Carlos Roseiro, diretor de Soluções da Huawei

O secretário de Desenvolvimento da Infraestrutura do Ministério da Economia, Diogo Mac Cord, afirmou hoje, 10, em uma live, que o leilão do 5G, adiado deste ano para 2021, não terá viés arrecadatório. Cord e outro participante do evento, o diretor de Soluções da Huawei, Carlos Roseiro, apontaram que a nova tecnologia será uma importante ferramenta para a retomada da economia do Brasil no contexto pós pandemia.

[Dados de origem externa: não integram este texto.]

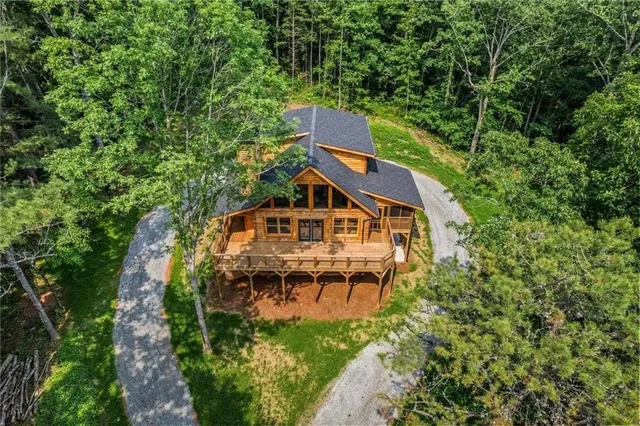 a view of a house with a small yard and wooden fence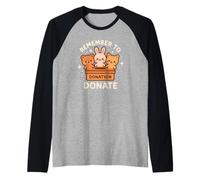 Arte Lindo de donación Recuerda donar Camiseta Manga Raglan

“Quando se coloca se o leilão vai ter uma função fiscal, acho que isso já está pacificado que não. O que precisamos é induzir um setor mais competitivo”, argumentou, reforçando que esse também é o pensamento do ministro da Economia, Paulo Guedes. “Agora, se isso vai migrar para mais investimentos obrigatórios ou se vai migrar para menores tarifas, depende de qual investimento estamos falando. A gente é sempre um crítico a rasgar dinheiro. Um Brasil próspero se faz com a alocação racional de recursos que vêm do mercado”, continuou.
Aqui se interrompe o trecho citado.